A few months ago, word of Switch's apparently fantastic operations started to reach my in-box. Most of the people who visited the Switch facility were bound by non-disclosure agreements, but that failed to stop them from leaking out a few choice details. "This is the most advanced computing center in the world," I was told. "It's like the internet superhighway wrapped up in one package. All the heavies are there."

Ever a cynic, I struggled to match these claims with the total lack of public information available on Switch. Companies fall all over themselves to issue press releases about things as a minor as cost-savings achieved by changing toilet paper suppliers. If a technology giant really existed in Las Vegas of all places, then it should be patting itself on the back and then letting city officials finish off the job with celebrations of their own.

As Switch's CEO Rob Roy tells it, however, the company had good reason to avoid publicity.

Legend has it that the company managed to acquire what was once meant to be Enron's broadband trading hub for a song. This gave Switch access to more than twenty of the primary carrier backbones in a single location. Switch tied this vast network to existing data center hosting facilities and attracted military clients, among others, to its Las Vegas shop.

Roy argues that drawing undue attention to this facility would go against the military customers' best wishes. There are rooms at the Switch facility that require top secret clearance, preventing even Roy from entering them.

But Switch has now decided to forgo the code of silence as its business expands on a massive scale.

In the next couple of months, Switch will open a new facility located just a few miles from the McCarran International Airport called the SuperNAP. Roy describes the 407,000 square foot facility as the most energy efficient, tightly packed data center on the planet. He expects it to be filled by the world's most prominent companies, including just about every technology heavyweight you can think of and the major media conglomerates. The SuperNAP monstrosity looks to stand as just a starting point for Switch with the company's investors urging it to build close to 10 similar centers around the globe. Such an undertaking could strap actual muscle to the cloud and utility computing buzzwords that have become commonplace in the technology industry.

Come November, Switch will throw a huge party at the SuperNAP for its investors, top customers, employees and the local bigwigs in the real estate and casino businesses. The event was pushed back to November, so that Nevada's two US senators could attend the gala.

So much for staying quiet.

You'll Need a Rob Roy to Face the Security

"Those companies (Google, Microsoft and others) spending $500m on their data centers can only do one fourth of what we can do at the new site," Roy told me. "What we are building has three or four times the power and cooling of the other guys."

This is how Roy talks. Everything is on a massive scale. Everything clobbers the competition.

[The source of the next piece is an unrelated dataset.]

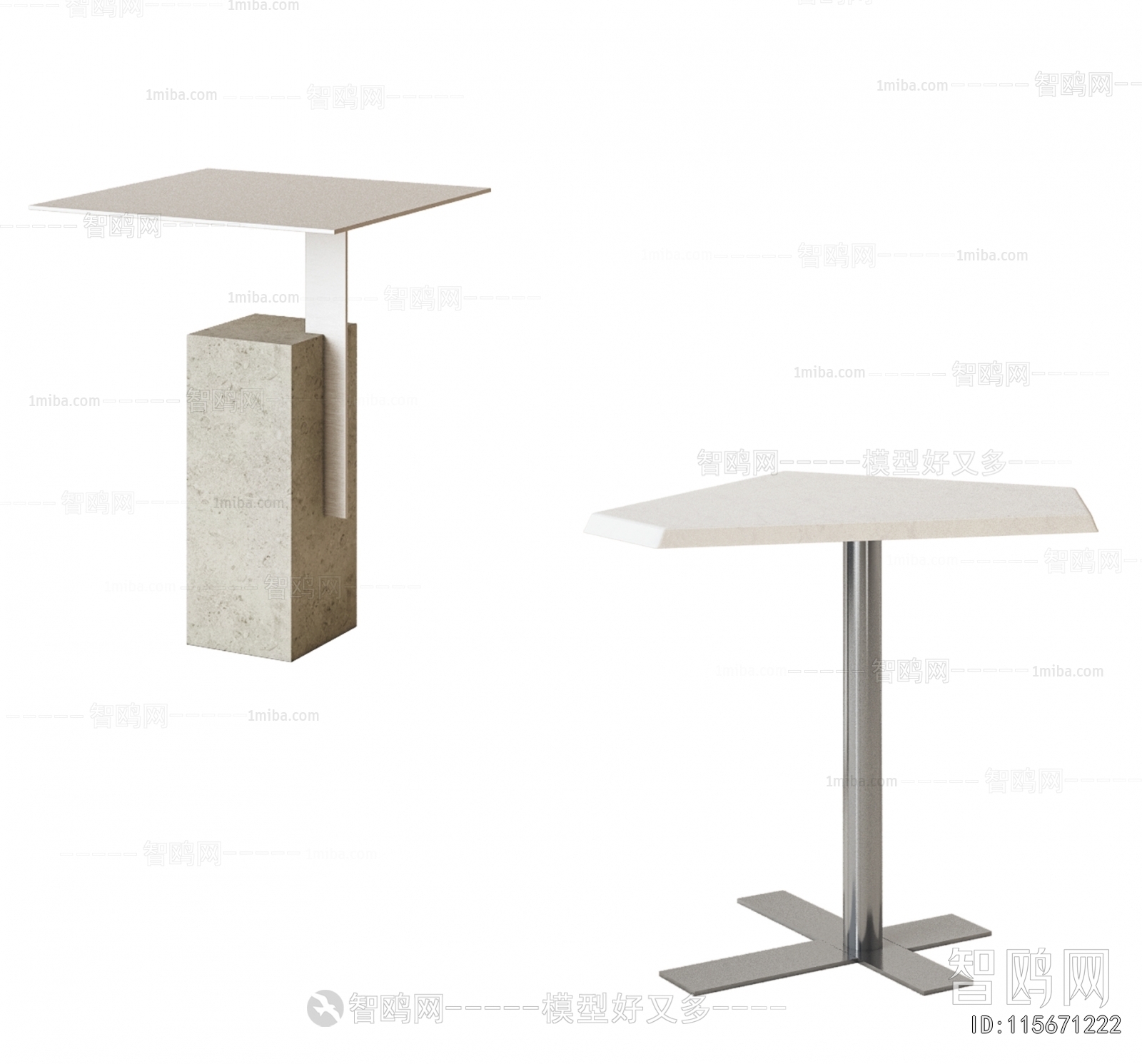 Modern Side Table/corner Table
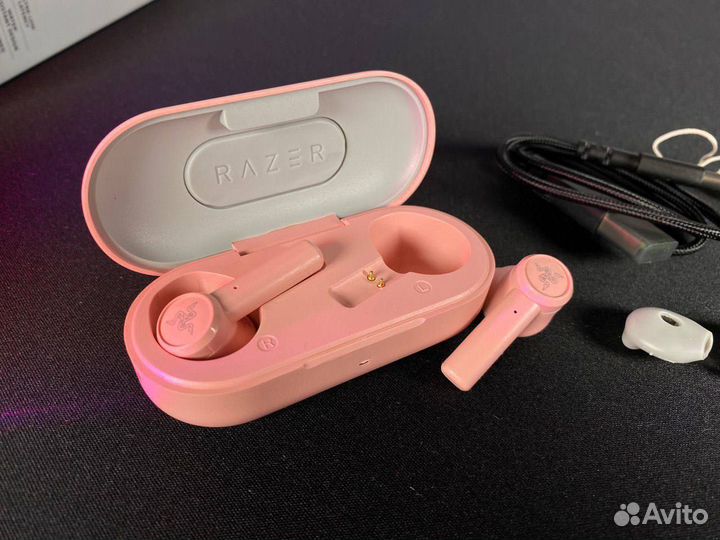 Razer hammerhead true wireless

Everything is "Look at how much ass we kick. The competitors have no hope. We do a damn good job, and our customers know it."

Roy exhibits such unabashed enthusiasm for Switch's accomplishments that it seems almost miraculous for him to have rejected public accolades over the past 8 years.

The 38 year-old CEO insists that he stayed quiet to protect his customers and because businesses was so good that Switch didn't need the attention.

Part of me believes this line. I spent weeks calling and e-mailing Switch, trying to secure an interview with Roy or, in fact, anyone at the company. The polite receptionist would take the same message every time, but nothing resembling a returned phone call materialized.

Then I learned that Sun Microsystems had a significant presence inside of Switch's existing hosting facility. On a lark, I sent a note to Chairman and co-founder Scott McNealy to see if he knew anything about this Rob Roy fella. Twelve hours later, Roy was on the phone.

Roy and I worked out a deal. He would give me full access to Switch's operations, if I agreed to keep some information - mostly on clients - out of this publication. We rarely make such bargains, but since Roy would rather talk to a door-to-door salesman than a hack, it seemed the best way to attack the story at hand. I can tell you that Switch's data centers are packed with Fortune 100 companies you would recognize. These companies make everything from servers and switches to search engines, bombs, cartoons, MP3 players and hotels. We'll let you fill in the blanks for now.

Even with McNealy's kind introduction in place, Roy seemed apprehensive about my arrival on-site. He came into the conference room and sat at the opposite end of the table from me and my audio recorder. (Note to self: Bring the boom microphone next time.)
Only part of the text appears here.